Loan repayment may seem too far away to even think about. However, the more you know now, the better prepared you will be when repayment begins. Once you graduate and enter your residency program you will receive a salary and your financial profile will change significantly.

You will finally be earning an income! However, your responsibilities to your lenders, who have a claim to some of this new income, will also increase.

Types of Repayment Plans

Types of Repayment Plans

A repayment plan is a schedule that outlines the total principal and interest due, a monthly payment amount and the number of payments required to repay the loan in full. It also restates the interest rate for the loan(s), any schedule for interest rate changes if the rate is variable, the due date of the first payment and the frequency of payments. Resources providing details regarding repayment options include:

Federal Student Aid

Repayment Plans for Federal Student Loans (AAMC)

Repayment estimates

Budgeting for loan payments requires a detailed review of your payment schedule to determine the amount of your monthly payments. Since some of your loans will have variable interest rates, select an average rate for your calculations. You can estimate your monthly loan payment(s) by using a student loan calculator.

Financial Hardship

Financial Hardship

Under NO circumstance should you ignore your financial problems. Open mail and return calls from your loan servicer to avoid defaulting on your student loans. Default will result in legal actions that will have severe consequences for many years, both professionally and personally.
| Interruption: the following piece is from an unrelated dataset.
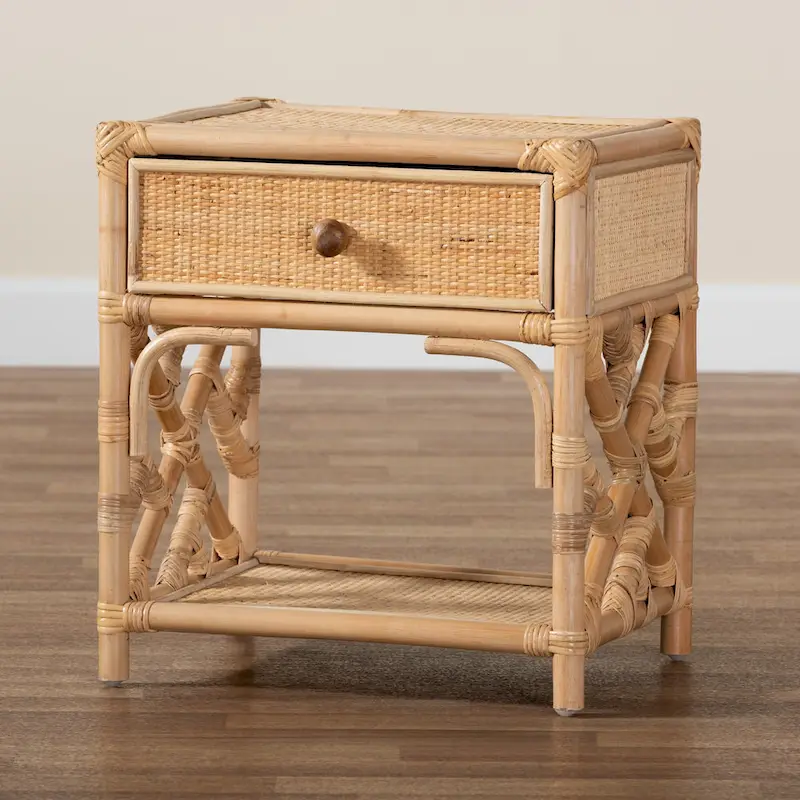 Camara Modern Bohemian Natural Brown Rattan Single-Drawer Nightstand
The key is to maintain contact with the holders, or servicers, of your loans. By keeping your lenders informed of your status, and particularly of any financial problems you may have, you can take advantage of one or more of the following options to help you survive your residency years:

Grace period

Postponement of a loan repayment. It begins on the day a student borrower ceases to be enrolled at least half-time (or full-time as required by the individual school), and extends through the time the loan repayment is postponed, per the original agreement. Grace periods are automatic (you do not have to apply for them) and can last from three to nine months, depending on the original terms of the loan. Repayment begins on the day the grace period ends.


A specified and limited period of time during which payments on principal and interest are postponed while the loan is in good standing. Deferments, in some cases, can be granted for residency and further study. Deferments are not automatic. You must apply for them, and the lender must formally approve them.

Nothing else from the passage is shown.